В «Посреднике» окунулся в литературную среду, к которой стремился. В редакции царила атмосфера высокой мысли и всечастно ощущалось влияние личности Л. Толстого, под патронажем которого работало издательство. Привлекало Сергея в «Посреднике» и то, что по копеечной цене для широких народных масс издавались книги классиков и произведения современных писателей: Н. С. Лескова, М. Горького, Н. Д. Телешова, В. М. Гаршина, В. Г. Короленко. Офени разносили эти книжки по городам и весям, доносили и до Сибири. Хотя в деревнях покупателями и читателями их была в основном сельская интеллигенция. Простой народ, о котором радел в то время Дурылин, предпочитал покупать лубочные издания. Л. Н. Толстой редактировал некоторые книги, писал предисловия, напечатал несколько своих произведений и «Круг чтения». Читая в первый раз гранки рассказа Толстого с поправками рукой «самого Толстого!» — Дурылин думал: «…я счастливей всех!» В «Посреднике» он понял, что его призвание — литература.
Поэтом Сергей Николаевич себя уже ощущал: в 1907-м у него была целая тетрадка стихов. (Она до нас не дошла, так как в 1919-м в Сергиевом Посаде, готовясь к монашеству, он бросил её в огонь.) В драматической поэме Дурылина «Дон Жуан»[39] есть такие строки: «Не до конца правдива наша правда, // И вымысел наш ложь не до конца…» Эта мысль будет встречаться в его рукописях в разные годы.
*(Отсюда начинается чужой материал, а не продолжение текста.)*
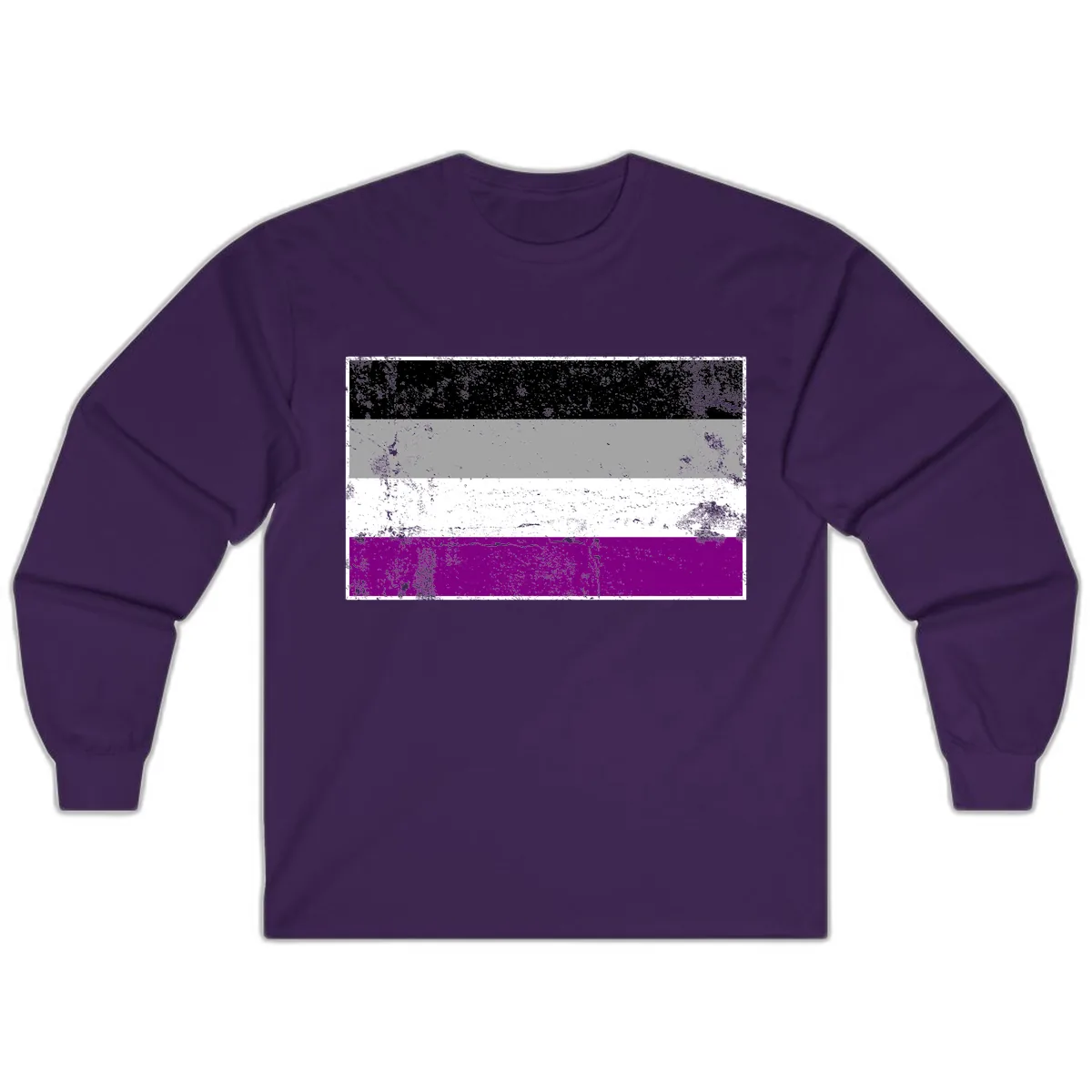 Asexual Pride Flag Distressed Long Sleeve in Purple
Он будет применять её эпиграфом ко многим жизненным ситуациям. В письме Тане Буткевич он выписывает эти строки и ещё один стих из «Дон Жуана»:
… С каким восторгом яСквозь ярость и мятеж борьбы, внимая кличу,Бросался в бой страстей и в буйство бытия,Чтоб вынести из мук — Любовь, свою добычу.
И сообщает: «Я выписал эти два стиха из моего „Дон Жуана“ эпиграфом ко всему, что я думаю, говорю, пишу, делаю»[40].
Первую часть «Дон Жуана» Сергей Николаевич читал друзьям. Впечатление у них было настолько сильное, что «дух захватывало». Дурылин писал её в пору светлых надежд, ожидания чуда. Вторая часть пришлась на время разочарования и отчаяния. И руки от неё отвалились, бумага стала камнем. «Вместо чаши с вином — урна с пеплом. Тут ведь Белый только выразил, что и во мне, и в Воле, и в ком ещё…»[41]
Поэт Борис Садовской лестно отозвался о стихах Дурылина: «Ваши стихи, дорогой Сергей Николаевич, брызнули мне в душу чистой росой поэзии. В них есть то, чего не хватает большинству молодых поэтов — свободная, искренняя непосредственность вдохновения…»[42] Особо удачными он считает стихотворения «Старая царевна»[43] и «Принцесса Акварели».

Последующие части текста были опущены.